Wouldn’t this work if you load the files in hdfs and let the partitions be 
equal to the amount of parallelism you want?

From: Saatvik Shah [mailto:saatvikshah1...@gmail.com]
Sent: Friday, June 30, 2017 8:55 AM
To: ayan guha
Cc: user
Subject: Re: PySpark working with Generators

Hey Ayan,

This isnt a typical text file - Its a proprietary data format for which a 
native Spark reader is not available.

Thanks and Regards,
Saatvik Shah

On Thu, Jun 29, 2017 at 6:48 PM, ayan guha 
<guha.a...@gmail.com<mailto:guha.a...@gmail.com>> wrote:
If your files are in same location you can use sc.wholeTextFile. If not, 
sc.textFile accepts a list of filepaths.

On Fri, 30 Jun 2017 at 5:59 am, saatvikshah1994 
<saatvikshah1...@gmail.com<mailto:saatvikshah1...@gmail.com>> wrote:
Hi,

I have this file reading function is called /foo/ which reads contents into
a list of lists or into a generator of list of lists representing the same
file.

When reading as a complete chunk(1 record array) I do something like:
rdd = file_paths_rdd.map(lambda x: foo(x,"wholeFile")).flatMap(lambda x:x)

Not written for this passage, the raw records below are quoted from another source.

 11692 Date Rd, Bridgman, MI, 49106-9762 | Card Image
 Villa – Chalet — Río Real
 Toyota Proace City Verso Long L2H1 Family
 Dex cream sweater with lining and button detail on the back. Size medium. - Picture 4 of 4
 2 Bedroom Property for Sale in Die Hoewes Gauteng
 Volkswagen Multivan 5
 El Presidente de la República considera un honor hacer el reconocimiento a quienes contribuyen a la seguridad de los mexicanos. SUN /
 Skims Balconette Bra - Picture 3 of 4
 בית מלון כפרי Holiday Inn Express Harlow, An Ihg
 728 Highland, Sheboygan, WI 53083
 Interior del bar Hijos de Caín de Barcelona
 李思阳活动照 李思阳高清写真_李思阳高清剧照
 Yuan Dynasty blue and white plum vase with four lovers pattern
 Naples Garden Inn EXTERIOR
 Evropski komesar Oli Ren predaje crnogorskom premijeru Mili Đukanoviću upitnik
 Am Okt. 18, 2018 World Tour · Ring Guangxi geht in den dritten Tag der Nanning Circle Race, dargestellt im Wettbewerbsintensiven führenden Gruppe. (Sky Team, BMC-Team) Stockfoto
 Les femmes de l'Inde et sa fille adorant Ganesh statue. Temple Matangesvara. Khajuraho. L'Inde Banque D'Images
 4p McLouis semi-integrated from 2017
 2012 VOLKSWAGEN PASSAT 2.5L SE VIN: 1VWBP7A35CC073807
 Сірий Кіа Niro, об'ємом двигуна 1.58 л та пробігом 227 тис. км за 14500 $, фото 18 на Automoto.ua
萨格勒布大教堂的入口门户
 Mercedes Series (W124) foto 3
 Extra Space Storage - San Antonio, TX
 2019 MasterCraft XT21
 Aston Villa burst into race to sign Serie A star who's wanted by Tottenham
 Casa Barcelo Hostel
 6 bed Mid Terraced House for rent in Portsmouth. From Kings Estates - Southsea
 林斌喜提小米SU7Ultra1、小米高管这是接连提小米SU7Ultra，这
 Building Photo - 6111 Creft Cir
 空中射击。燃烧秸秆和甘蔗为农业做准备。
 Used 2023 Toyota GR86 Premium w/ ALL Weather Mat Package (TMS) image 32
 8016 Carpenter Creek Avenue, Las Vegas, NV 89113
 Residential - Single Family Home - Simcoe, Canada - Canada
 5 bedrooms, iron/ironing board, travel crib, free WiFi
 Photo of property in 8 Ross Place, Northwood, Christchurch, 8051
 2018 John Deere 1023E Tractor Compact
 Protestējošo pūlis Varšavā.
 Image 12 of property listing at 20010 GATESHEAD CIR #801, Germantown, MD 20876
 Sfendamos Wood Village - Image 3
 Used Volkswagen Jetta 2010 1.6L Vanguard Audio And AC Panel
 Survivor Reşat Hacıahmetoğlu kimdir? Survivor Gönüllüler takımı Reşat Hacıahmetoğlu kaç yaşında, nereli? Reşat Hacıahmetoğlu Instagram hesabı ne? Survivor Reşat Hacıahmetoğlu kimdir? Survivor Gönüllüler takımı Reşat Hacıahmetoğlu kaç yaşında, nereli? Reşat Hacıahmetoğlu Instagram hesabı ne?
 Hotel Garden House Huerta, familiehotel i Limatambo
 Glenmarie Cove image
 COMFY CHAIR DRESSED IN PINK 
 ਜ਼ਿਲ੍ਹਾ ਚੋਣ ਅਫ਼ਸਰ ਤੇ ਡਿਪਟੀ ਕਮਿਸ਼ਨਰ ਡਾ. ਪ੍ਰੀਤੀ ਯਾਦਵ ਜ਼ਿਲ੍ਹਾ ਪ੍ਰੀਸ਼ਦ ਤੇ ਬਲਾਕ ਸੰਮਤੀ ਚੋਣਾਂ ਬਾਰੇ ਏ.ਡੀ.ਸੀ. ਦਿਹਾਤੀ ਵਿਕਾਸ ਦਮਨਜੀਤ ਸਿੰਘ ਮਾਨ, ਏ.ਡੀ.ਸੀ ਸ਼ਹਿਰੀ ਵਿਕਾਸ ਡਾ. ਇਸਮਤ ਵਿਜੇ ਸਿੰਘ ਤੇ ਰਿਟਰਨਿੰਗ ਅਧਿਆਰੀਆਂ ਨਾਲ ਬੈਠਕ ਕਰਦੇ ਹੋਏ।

I'd like to now do something similar but with the generator, so that I can
work with more cores and a lower memory. I'm not sure how to tackle this
since generators cannot be pickled and thus I'm not sure how to ditribute
the work of reading each file_path on the rdd?



--
View this message in context: 
http://apache-spark-user-list.1001560.n3.nabble.com/PySpark-working-with-Generators-tp28810.html
Sent from the Apache Spark User List mailing list archive at Nabble.com.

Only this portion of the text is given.